The satellite, code named "Fengyun 3," Fengyun meaning wind and cloud in Chinese is expected to join two other satellites, developed by the United States and European countries, as key sources of global environmental data.
"The World Weather Organization under the United Nations has designed the trio of satellites to improve research on global meteorological issues," said Meng Zhizhong, satellite chief designer of Shanghai Academy of Spaceflight Technology.
Preparations are underway for the construction of Fengyun 3, which is expected to be in use by 2004.
"A framework for the satellite is already established, the equipment to monitor weather changes is ready and a model of the satellite has been made," said Meng, who is in charge of the satellite programme.

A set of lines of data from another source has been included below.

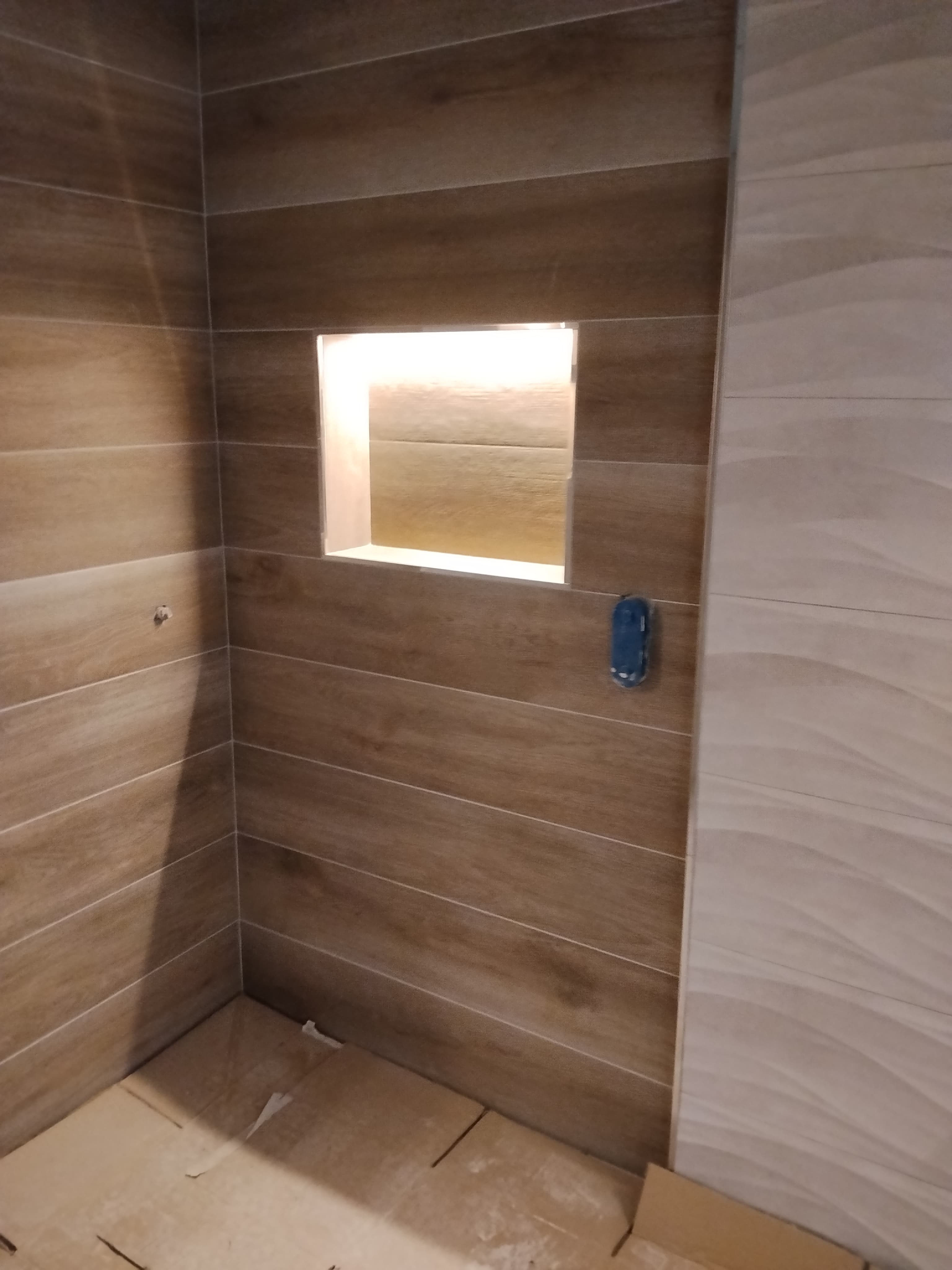 Pared de baño alicatada en tonos madera y blanco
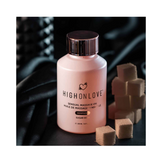 High on Love Sugar High Massage Oil Body Oil 100 ml displayed with sugar cubes on black satin, highlighting its sweet, sensual appeal.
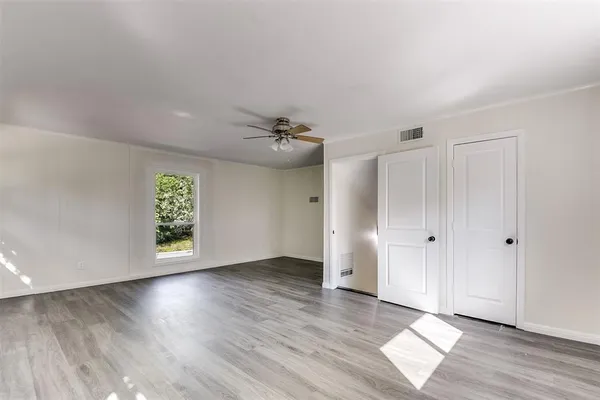 an empty room with wooden floor and windows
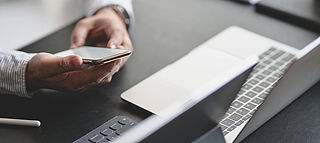 Geschäftsmann mit Handy in der Hand vor dem Laptop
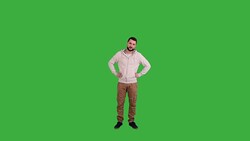 Man impatiently waiting for, and shows that it is time to do something on green screen background Stock Footage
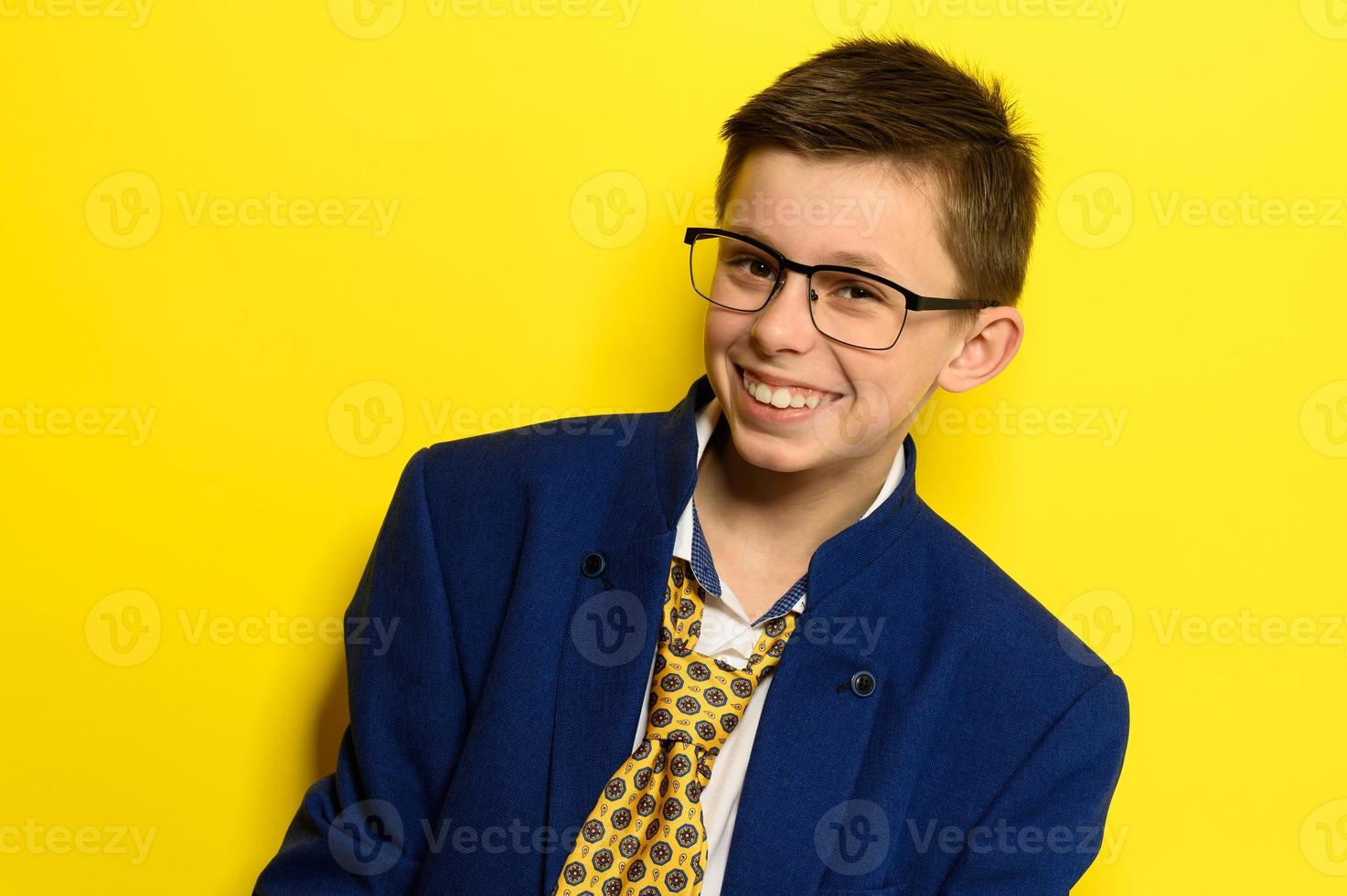 Attraktiver Junge in einem Anzug für Erwachsene auf gelbem Hintergrund, die Vorstellungskraft eines Kindes über das Erwachsenenleben. foto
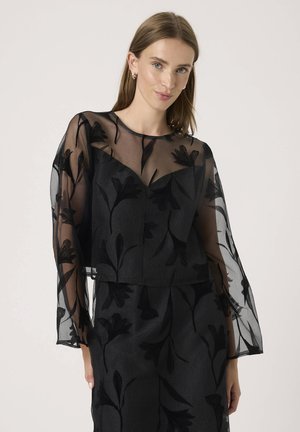 Fiatal nő fekete, áttetsző virágos hosszú ujjú felsőt visel, amelyhez fekete, virágos nadrág tartozik, egyszerű világos háttér előtt áll.
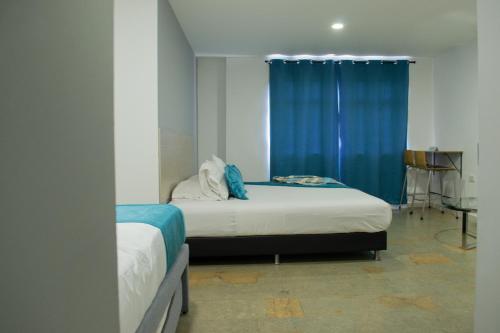 a bedroom with two beds and a blue curtain at Hotel Portón Sabaneta in Sabaneta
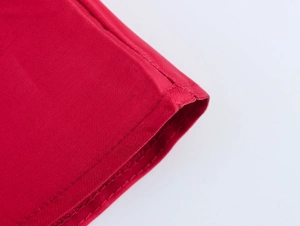 Gros plan détaillé montrant la texture du tissu rouge et la double couture de la robe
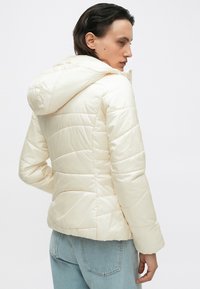 Giacca puffy crema con cappuccio, caratterizzata da dettagli con cuciture orizzontali, una superficie liscia e un design aderente, abbinata a jeans azzurri chiari.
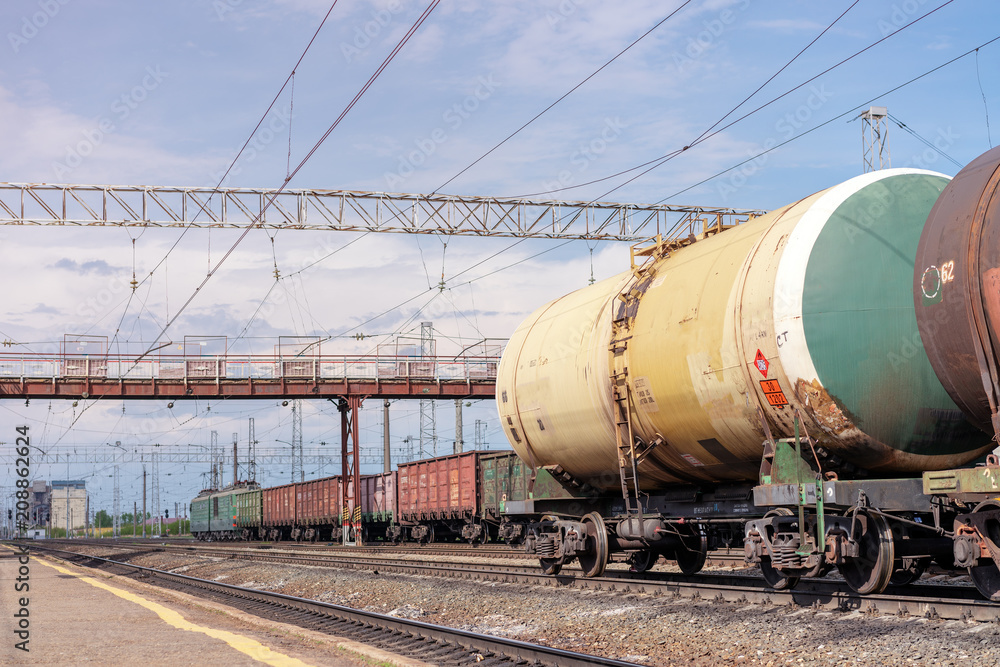 Naklejka premium View of railway station with industrial freight trains on railroad under summer sky with clouds. Russia, May 2018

Meng told China Daily in an exclusive interview that the model is still undergoing tests, but would ready for its launch in three years time.
The satellite, the second-generation of polar-orbiting meteorological satellites in China, will benefit the global community by improving the study and scrutiny of global environmental problems, such as ozone layer depletion, the greenhouse effect, natural disasters and air pollution.
"Natural disasters like sandstorms in China, floods in Britain and bushfires in Southeast Asia can be closely observed to curb damages," said Meng.
Meng said the launch would further establish China's reputation as a world satellite power.
"It will advance China's meteorological research and improve China's status in global efforts in weather research," said Meng.
China has become the third country, following the United States and Russia, to develop and launch weather satellites with sun-and-earth-synchronous orbits.
China launched two Fengyun 1 weather satellites in 1988 and 1990 respectively.
Meanwhile, Shanghai Aerospace Administration, China's leading meteorological satellite research house, has said it will launch several new satellites in the next five years.
"Feasibility studies on the design and launch of the Fengyun 4 meteorological satellite have begun," said Meng.
The Fengyun 4, an updated version of the currently-operating Fengyun 2 series, will further improve China's scrutiny of capricious weather changes in the vast but less-developed western regions, said Meng.
CCTV, the largest State-run TV station in China, has recently usedthe Fengyun 2B satellite for weather forecasts, replacing a Japanese-made satellite.
"The advance of China's own satellite technology will contribute to the economic development and benefit people's lives in the western regions," said Meng.
Countries in the Asia Pacific like Australia are also using the Fengyun 2B for weather forecasting.
Shanghai Aerospace Administration has decided to launch Fengyun 2C in 2003, a sister satellite to take over from Fengyun 2B, which will be decommissioned.